=== DATA TO PROCESS ===

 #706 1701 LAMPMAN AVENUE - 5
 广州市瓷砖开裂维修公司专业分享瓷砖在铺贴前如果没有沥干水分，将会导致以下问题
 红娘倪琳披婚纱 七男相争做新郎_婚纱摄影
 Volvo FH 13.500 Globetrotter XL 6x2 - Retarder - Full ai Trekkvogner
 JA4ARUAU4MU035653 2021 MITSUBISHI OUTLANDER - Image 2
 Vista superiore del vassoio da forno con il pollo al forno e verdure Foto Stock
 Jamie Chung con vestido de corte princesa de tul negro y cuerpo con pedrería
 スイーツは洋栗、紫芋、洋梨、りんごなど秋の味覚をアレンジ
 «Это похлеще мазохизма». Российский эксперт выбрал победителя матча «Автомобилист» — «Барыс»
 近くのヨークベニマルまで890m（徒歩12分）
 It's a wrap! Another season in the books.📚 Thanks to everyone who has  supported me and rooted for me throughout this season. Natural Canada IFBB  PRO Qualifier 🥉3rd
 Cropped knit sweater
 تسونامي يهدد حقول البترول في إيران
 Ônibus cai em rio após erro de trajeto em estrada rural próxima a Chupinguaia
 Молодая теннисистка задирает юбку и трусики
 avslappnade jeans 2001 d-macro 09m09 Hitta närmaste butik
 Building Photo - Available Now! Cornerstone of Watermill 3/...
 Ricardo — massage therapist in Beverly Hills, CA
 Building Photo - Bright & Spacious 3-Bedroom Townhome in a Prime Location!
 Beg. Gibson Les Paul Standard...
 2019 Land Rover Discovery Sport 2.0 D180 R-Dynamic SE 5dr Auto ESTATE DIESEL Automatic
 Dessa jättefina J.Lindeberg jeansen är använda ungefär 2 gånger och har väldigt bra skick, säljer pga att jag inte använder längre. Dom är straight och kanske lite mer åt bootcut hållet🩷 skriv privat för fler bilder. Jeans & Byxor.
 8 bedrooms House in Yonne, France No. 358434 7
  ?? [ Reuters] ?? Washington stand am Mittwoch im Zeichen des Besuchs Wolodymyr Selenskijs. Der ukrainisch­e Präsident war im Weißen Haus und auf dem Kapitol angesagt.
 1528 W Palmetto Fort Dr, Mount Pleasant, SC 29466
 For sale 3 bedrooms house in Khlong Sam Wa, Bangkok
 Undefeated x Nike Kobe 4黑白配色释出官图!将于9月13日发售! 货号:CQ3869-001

===

WHAT NEEDS TO BE DONE:
The expected output is the lines from the one with "dem Kapitol angesagt." through the end of the data, exactly as written and nothing more.

EXERCISE RESPONSE:
  ?? [ Reuters] ?? Washington stand am Mittwoch im Zeichen des Besuchs Wolodymyr Selenskijs. Der ukrainisch­e Präsident war im Weißen Haus und auf dem Kapitol angesagt.
 1528 W Palmetto Fort Dr, Mount Pleasant, SC 29466
 For sale 3 bedrooms house in Khlong Sam Wa, Bangkok
 Undefeated x Nike Kobe 4黑白配色释出官图!将于9月13日发售! 货号:CQ3869-001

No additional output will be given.